Siempre es encomiable atreverse a unir lo cotidiano de nuestra historia (lejana o cercana), con estéticas fantásticas (propias o con un claro regusto a Arthur Rackham), entre otras cosas porque si bien nuestro cine (como nuestra literatura) parece anunciarse siempre como asentado en la tierra de lo realista (es decir, "bueno" en contraposición a las chaladuras a las que se dedican quienes siguen el género fantático), no es menos cierto que hay una clarísima corriente subterránea, la ha habido siempre, que contradice esa vocación de naturalismo que nos quieren vender desde los libros de texto y los manuales de cine. Que venga un director de cine mexicano y le plante en la cara a los escépticos no sólo que puede hacerse, sino que puede hacerse muy bien, dando una vuelta de tuerca a las repetitivas historias sobre la Guerra Civil que impulsan nuestros libros y nuestro cine, debería ser una llamada de atención hacia dónde podría ir, al menos, nuestra industria de las sábanas blancas.

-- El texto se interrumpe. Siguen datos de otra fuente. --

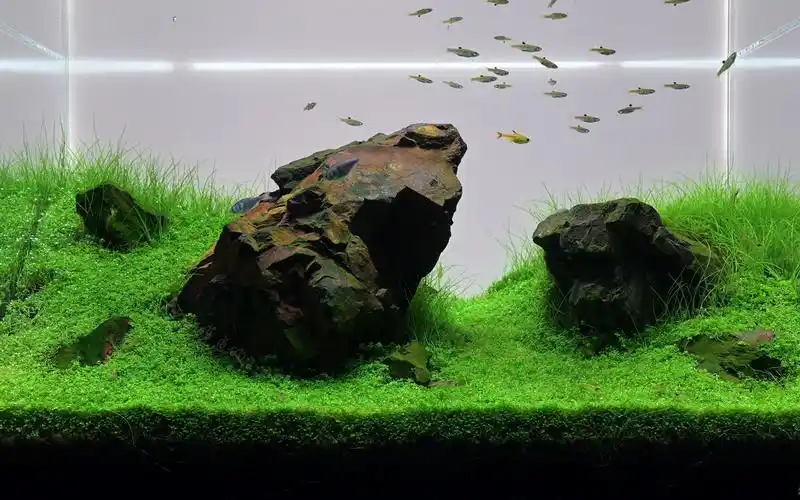 [4k]uhd 石景 草缸开缸166天记录打卡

El laberinto del fauno es una película sencilla, pero ambiciosa. No pretende apabullar con sus efectos especiales (aunque sean muy buenos, en especial la caracterización de Doug Jones en su doble papel del Fauno y el Hombre Pálido) ni tampoco contar una historia que descuadre al espectador por lo desaforado de sus planteamientos. Contada a dos niveles, el mundo ¿onírico? de la niña Ofelia y el mundo terrible y real de los adultos supervivientes de una guerra civil a la que aún no han puesto fin, la película se basa sobre todo en lo férreo de su guión y el temple de su ritmo narrativo. Creo que nunca ha estado mejor Guillermo del Toro detrás de la cámara, quizás porque se trata de un proyecto personalísimo donde pincha y corta el bacalao como guionista, director y productor. El resultado final es un film original aunque esté lleno de referentes: uno no puede dejar de recordar algún western de Peckinpah o de Ford en esa actitud de los personajes adultos que viven en la frontera del bosque y la civilización esperando el momento de aniquilarse y, en el caso del maquis, de darle la vuelta a una tortilla que el espectador sabe de antemano imposible; tampoco puede uno evitar recordar Furtivos, y ya se ha comparado por ahí, me parece que con acierto, el personaje de Maribel Verdú con Lola Gaos. Sus gotitas de Hitchcock y de Goya, sus referentes a lo feérico y hasta a Lovecraft y Richard Corben y Fuenteovejuna sazonan una historia que juega, y juega bien, a los paralelismos entre los dos planos de acción, y donde se comparten y se invierten (o no) los roles de lo que es el mal en la persona del capitán Vidal y el mismo Fauno.
En su interpretación del capitán (del ¿ejército? ¿la guardia civil? ¿la policía armada?, ¿existían esos uniformes grises? ¿no tendrían que haber sido color verde o caqui?), Sergi López nos presenta una actuación sobresaliente, sin duda lo mejor de la película: sin llegar nunca a los excesos histriónicos de Novecento, por ejemplo, su personaje tiene ese punto de soberbia, pulcritud, chulería y valentía que lo hacen humano y, ay, me temo que perfectamente reconocible. Que un actorazo como López haya hecho su vida laboral en Francia dice también mucho de la miopía de nuestra industria.
Del Toro no juega al susto: es un cuento de hadas y la tensión de lo fantástico tiene siempre el tono onírico justo para recordarnos pesadillas de las que se puede escapar despertando, aunque haya que despertar a la muerte. Sugiriendo más que mostrando, sin regodearse en alguna escena durísima (el asesinato a botellazos del cazador furtivo, las torturas, la amputación) en el fondo la película, pese a su apuesta decidida por lo fantástico, nos viene a demostrar que el horror, el horror verdadero, el que da más miedo y causa mayor sangre, está a este lado de la puerta de tiza y el espejo.